In 2019, Hyundai Heavy went through a spinoff and separated into a business division, which succeeded the name of Hyundai Heavy Industries, and Korea Shipbuilding & Offshore Engineering (KSOE), which is an intermediate holding firm controlling Hyundai Heavy and other shipbuilding affiliates of the conglomerate.

Following the spinoff, Hyundai Heavy has become an unlisted firm, with 100 percent of its stake held by KSOE, and has two holding firms above it ― KSOE and Hyundai Heavy Industries Holdings, which controls KSOE with a 31 percent stake.

Because of this structure, earnings of Hyundai Heavy have been fully reflected into KSOE’s share price. After the IPO, however, analysts said investors will interpret KSOE’s value as a pure holding company, which will likely discount its value on the bourse.

“It is obvious that the IPO will redefine KSOE as a holding firm,” Meritz Securities Analyst Kim Hyun said. “Except for some engineering functions, KSOE will be committed to the role of a holding firm, and the IPO may trigger risks over overvaluation of the combined earnings of Hyundai Heavy and KSOE.”

Kim compared Hyundai Heavy’s IPO to the recent spinoff and IPO plan of former LG Chem battery business division, LG Energy Solution, but said there are differences between the two cases. LG Chem’s share price fell when the company announced the spinoff on Sept. 17 last year, but it saw a massive turnaround, rising 42.2 percent to 917,000 won as of Jan. 29, up from 645,000 won on Sept. 17.

“LG Chem’s battery business is already making profits before its IPO. However, Hyundai Heavy’s plan to raise 1 trillion won for future investments still requires more time to see how the company will use money and how the investment will turn into profits.”

KSOE’s consolidated operating profit in the first three quarters of last year stood at 255.3 billion won. When KSOE is calculated alone, however, the operating loss reaches 11.32 billion won during the same period, meaning KSOE’s current share price is highly affected by its affiliates.

KSOE’s affiliates include Hyundai Heavy, Hyundai Samho Heavy Industries, Hyundai Mipo Dockyard, Hyundai Vietnam Shipbuilding and a number of others.

This also leads to the question over the group’s own valuation of Hyundai Heavy. As the group said it seeks to raise 1 trillion won by issuing new Hyundai Heavy shares accounting for 20 percent of the total, this means the company sees Hyundai Heavy’s total value at 5 trillion won, according to analysts.

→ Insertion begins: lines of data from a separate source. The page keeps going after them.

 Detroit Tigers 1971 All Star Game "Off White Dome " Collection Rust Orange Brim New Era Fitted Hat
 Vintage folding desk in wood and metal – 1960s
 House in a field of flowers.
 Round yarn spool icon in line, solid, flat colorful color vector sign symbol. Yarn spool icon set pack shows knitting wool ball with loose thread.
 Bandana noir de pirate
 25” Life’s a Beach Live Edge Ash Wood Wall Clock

This valuation appears to be based on optimism for the global shipbuilding market. Clarksons Research, a market research firm, expects global shipbuilding orders for this year will reach 23.8 million compensated gross tons, which is up 23.7 percent from a year earlier.

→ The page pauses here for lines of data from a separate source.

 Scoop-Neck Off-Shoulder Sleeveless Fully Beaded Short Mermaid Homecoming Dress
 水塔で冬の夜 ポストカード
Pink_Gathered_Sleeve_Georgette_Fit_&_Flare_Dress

But by the third quarter of last year, Hyundai Heavy posted an operating profit of 5 billion won with its operating margin remaining at 0.3 percent. The company’s net losses also stood at 67.6 billion won at the end of the third quarter.

“Given KSOE’s market cap is standing at 7.5 trillion won, calculating Hyundai Heavy’s value at 5 trillion won may be overhyped,” KB Securities analyst Jeong Dong-ik said.